Par Maître Nadira Azouaou – Dès 2005, en application des dispositions de la convention des Nations unies sur la criminalité transnationale, les pouvoirs publics algériens ont promulgué une série de textes pour prévenir et réprimer le blanchiment de capitaux et le financement du terrorisme. Mais ce n’est qu’en 2012 que le concept de «personne politiquement exposée» apparaît pour la première fois dans la règlementation algérienne. Il y est défini comme suit : «Tout étranger nommé ou élu, qui exerce ou a exercé en Algérie ou à l’étranger, d’importantes fonctions législatives, exécutives, administratives ou judiciaires (…)».

En restreignant la définition du PPE à «tout étranger», l’ordonnance de 2012 a introduit un critère de nationalité qui appauvrit les recommandations qui fondent les normes internationales et celles du GAFI. Ce faisant, elle exclut les Algériens exerçant de hautes fonctions au sein des institutions de l’Etat et des administrations. Ainsi, l’interprétation restrictive qui est faite des recommandations des Nations unies, du GAFI et de l’UE aboutit à exonérer les banques de la place du devoir de vigilance à l’endroit des ressortissants algériens répondant à la définition de PPE.

Le règlement de la Banque d’Algérie pris en application de l’ordonnance de 2012, ne corrige pas cette altération des normes internationales de vigilance autour des «personnes politiquement exposées», puisqu’il renvoie à ce qui est prévu par l’ordonnance de 2012. Il recommande toutefois aux banques et aux établissements financiers d’obtenir des renseignements suffisants sur l’origine des capitaux et d’assurer une surveillance renforcée sur «tout nouveau client» pouvant être considéré comme une «personne politiquement exposée». Cette recommandation résonne comme une timide rectification des dispositions de l’ordonnance de 2012, dans le sens d’un plus grand alignement avec les termes de la convention des Nations unies.

Pour autant, en réservant le champ de vigilance aux «nouveaux clients», cette rectification ne pallie que partiellement la dépréciation infligée par l’ordonnance de 2012 aux dispositions internationales. Le moyen même de cette dépréciation, l’ordonnance, a permis de faire l’économie du débat qu’auraient soulevé la loi et ses dispositions à l’Assemblée nationale.
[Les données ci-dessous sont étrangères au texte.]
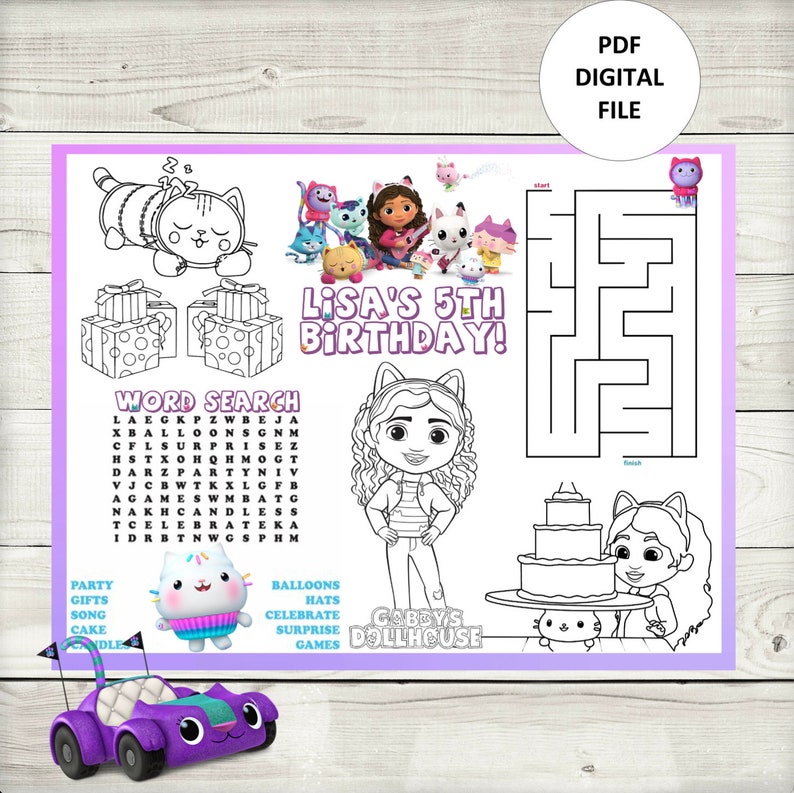 Gabby Dollhouse Activity Page Gabby Dollhouse Birthday Gabby Etsy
Un tel débat aurait pu être l’occasion de mettre en lumière les dérogations apportées par la loi aux dispositions recommandées et inspirer des interrogations sur les raisons à l’origine de ces dérogations.

De leur côté, les lignes directrices adoptées par la cellule du traitement et du renseignement financier (CTRF), la Banque d’Algérie et la commission de surveillance des opérations boursières (COSOB) , en soutien aux procédures de lutte contre le blanchiment de capitaux (LCB-FT), n’apportent pas davantage de précisions sur le concept de PPE ; ni sur les fonctions exercées par les personnes visées par ce concept ni sur la qualité de ceux qui leurs sont associés et les mesures particulières de vigilance à adopter à leur égard.
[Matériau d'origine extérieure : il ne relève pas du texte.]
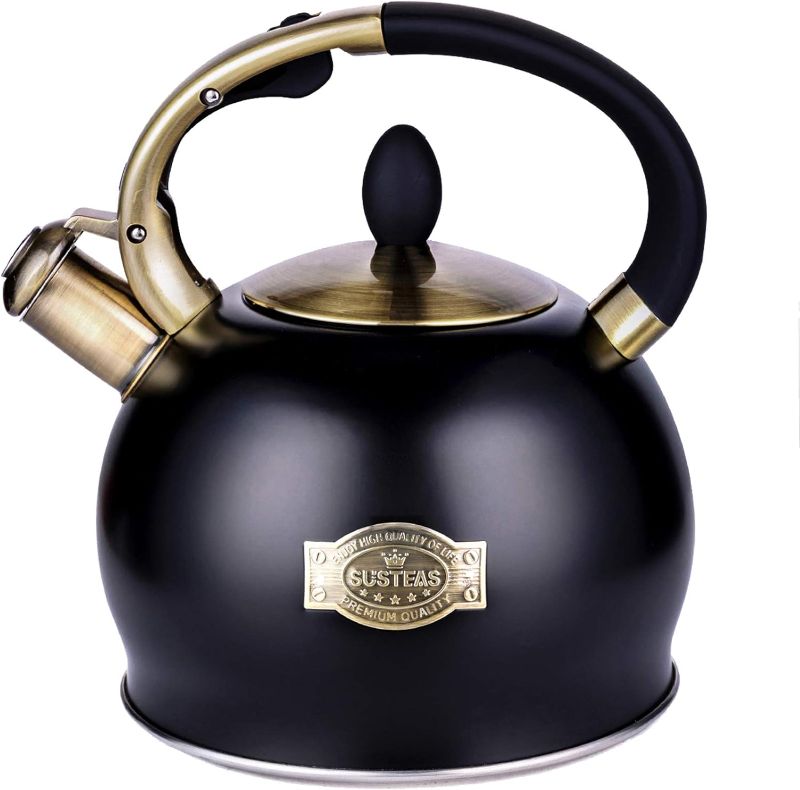 Photo 1 of SUSTEAS Stove Top Whistling Tea Kettle-Surgical Stainless Steel Teakettle Teapot with Cool Touch Ergonomic Handle,1 Free Silicone Pinch Mitt Included,2.64 Quart(BLACK)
Les lignes directrices exhortent les assujettis à distinguer entre les clients occasionnels et les clients habituels. A adopter une politique d’acceptation des nouveaux clients en apportant un soin particulier à leur identification et en surveillant les mouvements sur leurs comptes par l’adoption de mesures de vigilance simplifiées ou renforcées. A privilégier une approche fondée sur l’analyse des risques et à effectuer les déclarations de soupçon auprès de la CTRF. Mais le concept de PPE n’est introduit qu’en creux, à titre d’exemple. Il n’est évoqué que subsidiairement et associé à une personne possédant une fortune dont l’origine est incertaine. On peut ainsi lire dans la directive de la Banque d’Algérie au paragraphe consacré à la politique d’acceptation des nouveaux clients : «En conséquence, il est indispensable d’exercer un devoir de vigilance rigoureux et renforcé vis-à-vis de la clientèle à hauts risques (ex., une personne ayant une fortune élevée d’origine incertaine, personne politiquement exposée), tandis que des exigences élémentaires peuvent être appliquées à l’égard d’un client exerçant une activité rémunérée et présentant un faible solde.» Ainsi, la prescription est explicitement dirigée contre les nouveaux clients assimilables à des PPE, tandis que les personnes déjà clientes de la banque sont affranchies des préoccupations de la directive de la Banque d’Algérie.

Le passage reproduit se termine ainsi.